The majority of the next generation of nuclear power plants (GEN-IV) will work in the fast-neutron-energy region, as opposed to present day thermal reactors. This leads to new and more accurate nuclear-data needs for some minor actinides and structural materials. Following those upcoming demands, the Organisation for Economic Cooperation and Development Nuclear Energy Agency performed a sensitivity study. Based on the latter, an improvement in accuracy from the present 20% to 5% is required for the $^{242}\mathrm{Pu}(n,f)$ cross section. Within the same project both the $^{240}\mathrm{Pu}(n,f)$ cross section and the $^{242}\mathrm{Pu}(n,f)$ cross section were measured at the Van de Graaff accelerator of the Joint Research Centre at the Institute for Reference Materials and Measurements, where quasimonoenergetic neutrons were produced in an energy range from 0.3 MeV up to 3 MeV. A twin Frisch-grid ionization chamber has been used in a back-to-back configuration as fission-fragment detector.
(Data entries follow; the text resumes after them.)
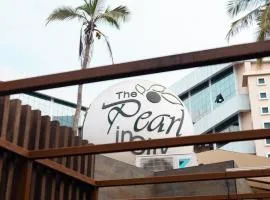 The Pearl In City by WOW Property - Direct from developer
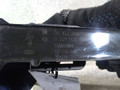 катушка зажигания Opel Vectra C (2002 - 2005), 2.2 л., i, Z 22 YH, бензин, МКПП, 09153250, 0221503469 - фото №4
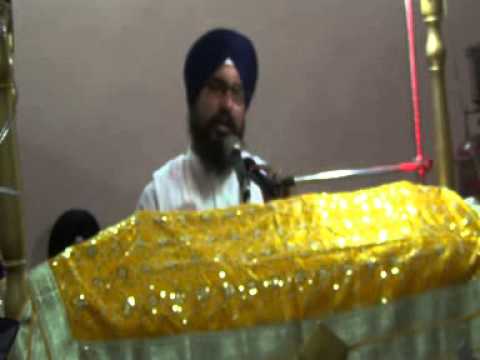 Bhai parkash singh Ferozpuri mob.no.0091-9311091313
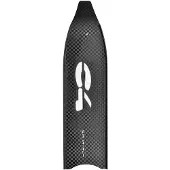 C4 Freediving Sportech Soft Fin Blade 2 Yksiköt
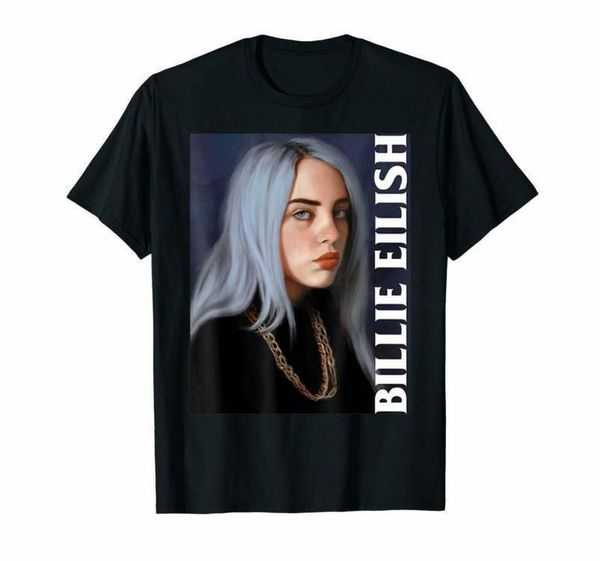 when party's over billie eilish ocean eyes bad guy black t-shirt for be fans s-6xlt shirt men black short sleeve cotton, White;black
when party's over billie eilish ocean eyes bad guy black t-shirt for be fans s-6xlt shirt men black short sleeve cotton, White;black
The $^{242}\mathrm{Pu}(n,f)$ cross section has been normalized to three different isotopes: $^{237}\mathrm{Np}(n,f), ^{235}\mathrm{U}(n,f)$, and $^{238}\mathrm{U}(n,f)$. A comprehensive study of the corrections applied to the data and the uncertainties associated is given. The results obtained are in agreement with previous experimental data at the threshold region up to 0.8 MeV. The resonance-like structure at 0.8 to 1.1 MeV, visible in the evaluations and in most previous experimental values, was not reproduced with the same intensity in this experiment. For neutron energies higher than 1.1 MeV, the results of this experiment are slightly lower than the Evaluated Nuclear Data File/B-VII.1 evaluation but in agreement with the experiment of Tovesson et al. (2009) as well as Staples and Morley (1998). Finally, for energies above 1.5 MeV, the results show consistency with the present evaluations.

Highlights

  • For the generation of nuclear power plants (GEN-IV), four of the six designs currently under study are based on a fast neutron-energy spectrum instead of a thermal one

  • Within the same project both the 240Pu(n,f ) cross section and the 242Pu(n,f ) cross section were measured at the Van de Graaff accelerator of the Joint Research Centre at the Institute for Reference Materials and Measurements, where quasimonoenergetic neutrons were produced in an energy range from 0.3 MeV up to 3 MeV

  • The neutron-induced fission cross section of 242Pu has been measured in the neutron-energy range from 0.3 MeV up to 3 MeV, following the requests based on the High-Priority Request List of the OECD-Nuclear Energy Agency (NEA)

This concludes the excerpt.